(PROBLEM REQUIREMENTS) Your job with the data below is to output exactly the lines from the one holding "Dreo space Heater, portable" down to the one holding "Diagnostics 11 00285 g002 Diagnostics", both included, and no others.

(TASK MATERIAL)

◆ ◆ ◆ ◆ ◆

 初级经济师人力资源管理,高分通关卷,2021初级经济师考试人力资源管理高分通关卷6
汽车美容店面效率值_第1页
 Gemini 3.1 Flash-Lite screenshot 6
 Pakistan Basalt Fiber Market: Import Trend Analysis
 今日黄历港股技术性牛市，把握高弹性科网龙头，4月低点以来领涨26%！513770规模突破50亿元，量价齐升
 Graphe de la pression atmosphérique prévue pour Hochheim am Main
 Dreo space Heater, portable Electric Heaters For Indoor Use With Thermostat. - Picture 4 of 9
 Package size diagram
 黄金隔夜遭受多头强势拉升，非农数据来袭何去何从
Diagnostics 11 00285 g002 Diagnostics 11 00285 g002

◆ ◆ ◆ ◆ ◆

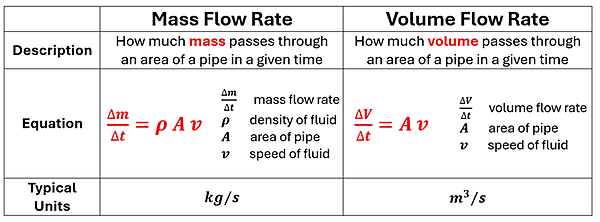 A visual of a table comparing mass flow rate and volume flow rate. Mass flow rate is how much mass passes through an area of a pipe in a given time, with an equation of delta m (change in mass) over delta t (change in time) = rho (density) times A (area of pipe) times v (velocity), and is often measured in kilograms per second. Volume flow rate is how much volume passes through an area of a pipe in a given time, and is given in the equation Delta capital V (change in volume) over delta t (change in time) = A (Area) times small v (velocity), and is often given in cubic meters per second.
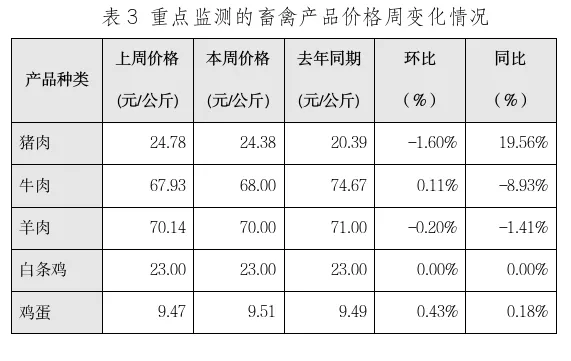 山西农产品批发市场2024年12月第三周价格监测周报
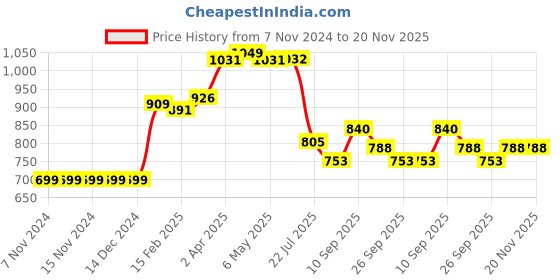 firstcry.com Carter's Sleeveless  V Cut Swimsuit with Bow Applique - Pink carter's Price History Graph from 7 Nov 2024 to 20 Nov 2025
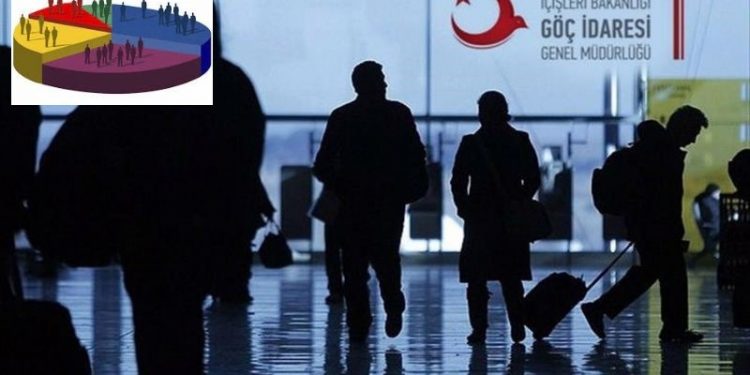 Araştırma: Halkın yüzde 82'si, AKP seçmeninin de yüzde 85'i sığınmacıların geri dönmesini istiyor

◆ ◆ ◆ ◆ ◆

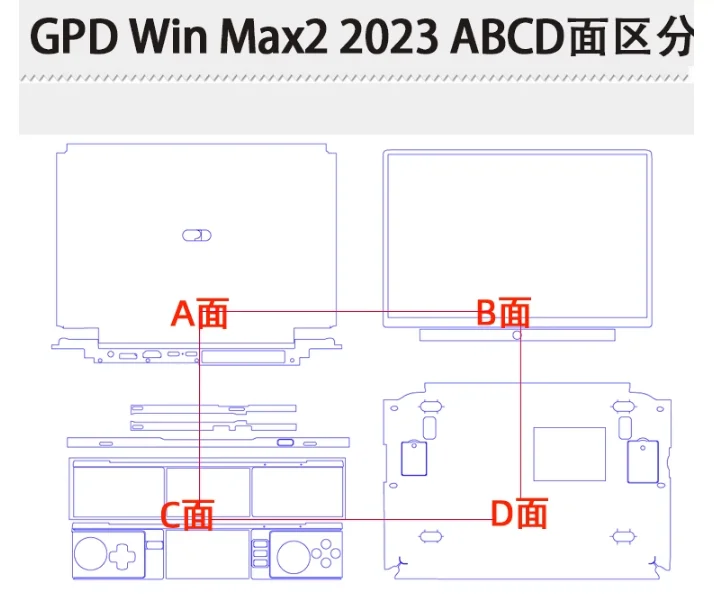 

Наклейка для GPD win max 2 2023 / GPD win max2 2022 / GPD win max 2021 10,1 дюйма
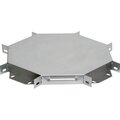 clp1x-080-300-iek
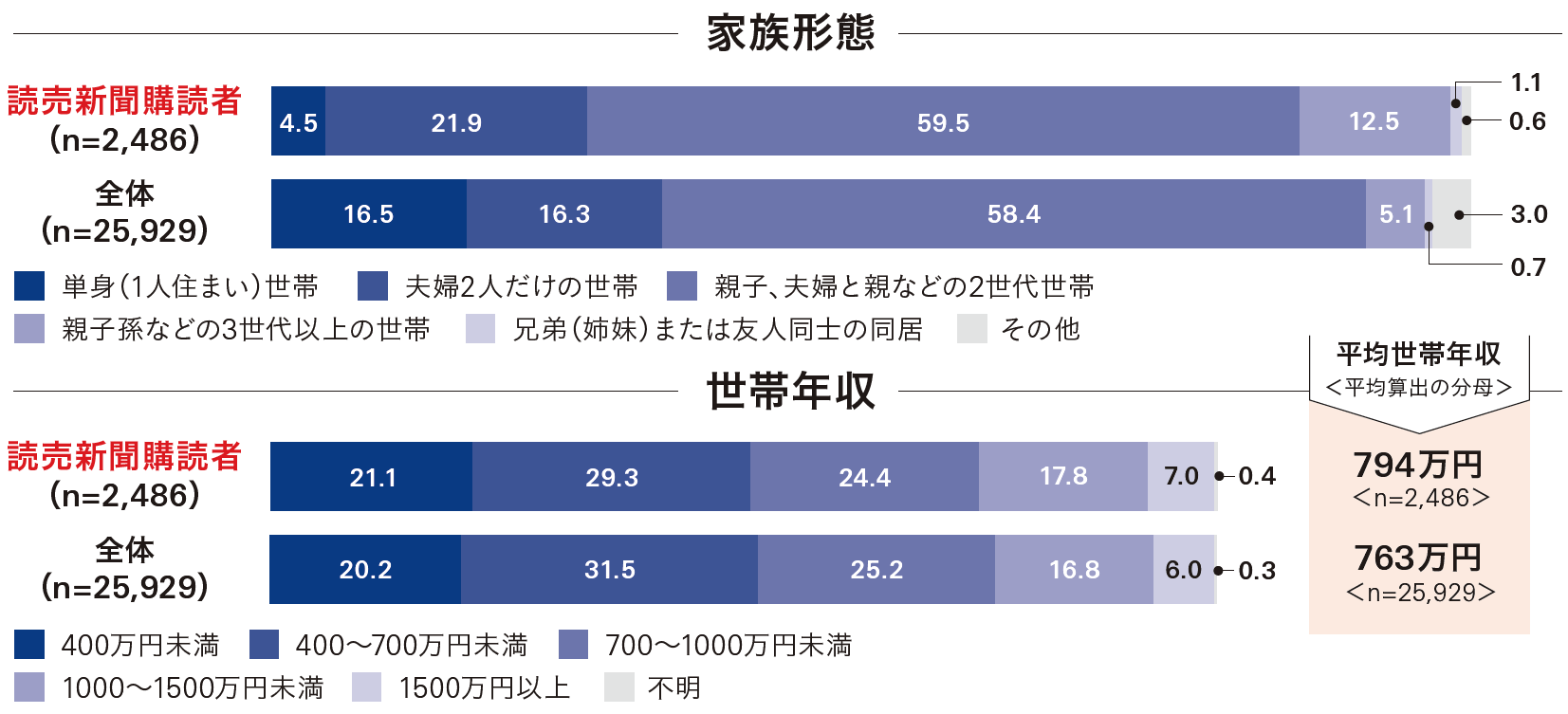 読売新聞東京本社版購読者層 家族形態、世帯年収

◆ ◆ ◆ ◆ ◆

(SOLUTION)
 Dreo space Heater, portable Electric Heaters For Indoor Use With Thermostat. - Picture 4 of 9
 Package size diagram
 黄金隔夜遭受多头强势拉升，非农数据来袭何去何从
Diagnostics 11 00285 g002 Diagnostics 11 00285 g002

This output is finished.